• **Task objective**
Before copying, set the images aside; then transcribe every entry below exactly.

START Material for this task

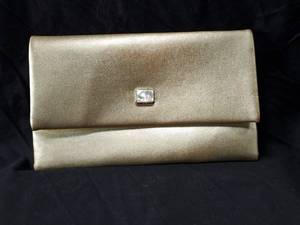 lot 53 image: Vintage Lewisette Clutch Purse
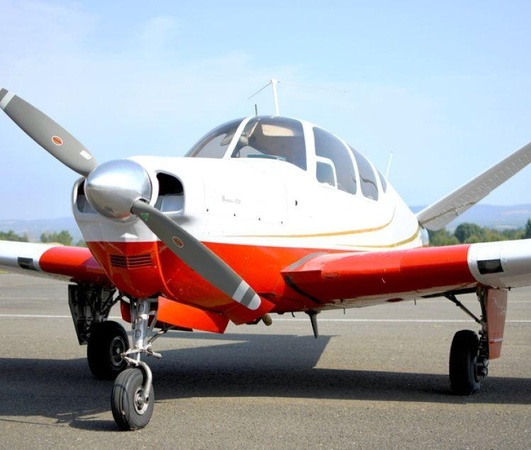 Beechcraft F35 BONANZA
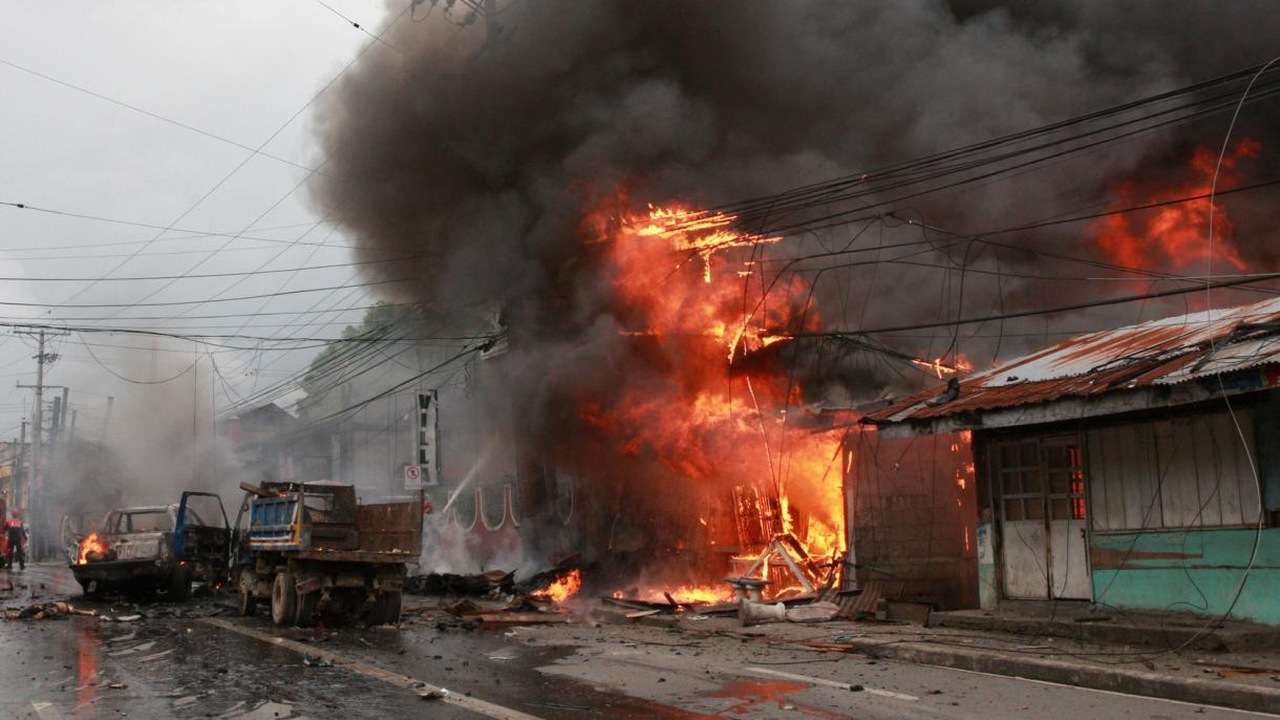 Incêndio destrói milhares de barracos na maior favela das Filipinas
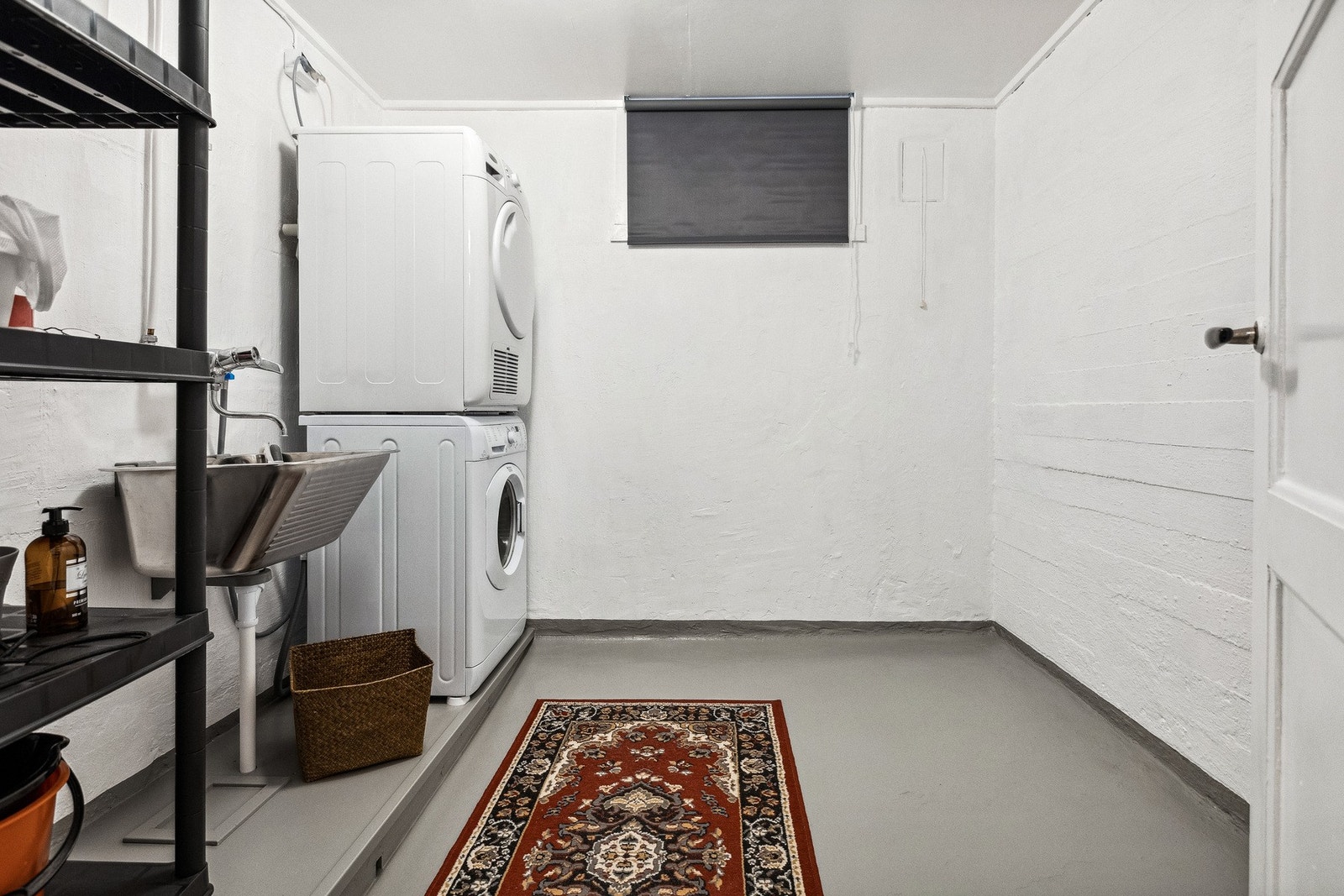 Vaskerom i kjeller. Galleribilde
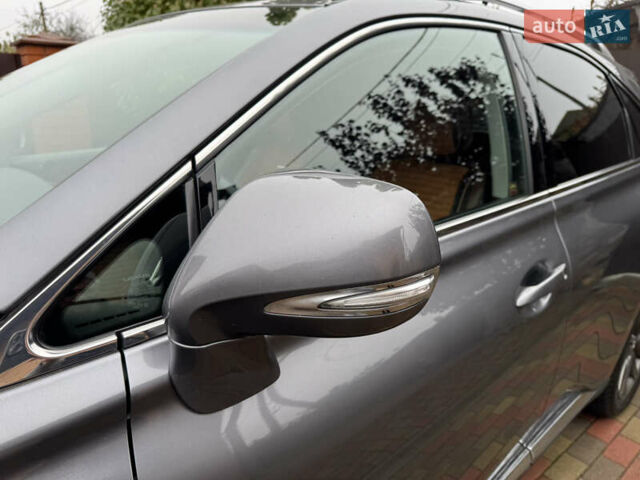 Лексус РХ 2013 в Киеве на Automoto.ua Серый Лексус РХ, объемом двигателя 3.5 л и пробегом 182 тыс. км за 23400 $, фото 17 на Automoto.ua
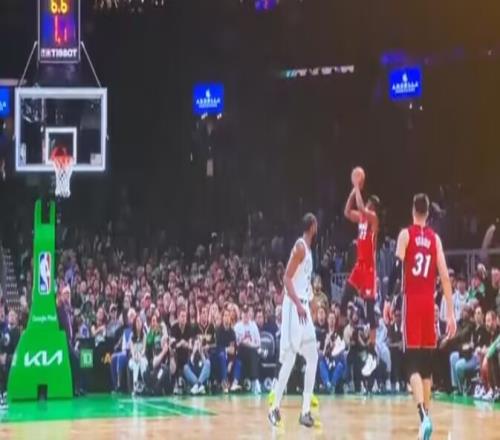 像！太像了！巴特勒美如画后仰宛如“那个男人”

END Material for this task

• **Answer to the problem**
 lot 53 image: Vintage Lewisette Clutch Purse
 Beechcraft F35 BONANZA
 Incêndio destrói milhares de barracos na maior favela das Filipinas
 Vaskerom i kjeller. Galleribilde
 Лексус РХ 2013 в Киеве на Automoto.ua Серый Лексус РХ, объемом двигателя 3.5 л и пробегом 182 тыс. км за 23400 $, фото 17 на Automoto.ua
 像！太像了！巴特勒美如画后仰宛如“那个男人”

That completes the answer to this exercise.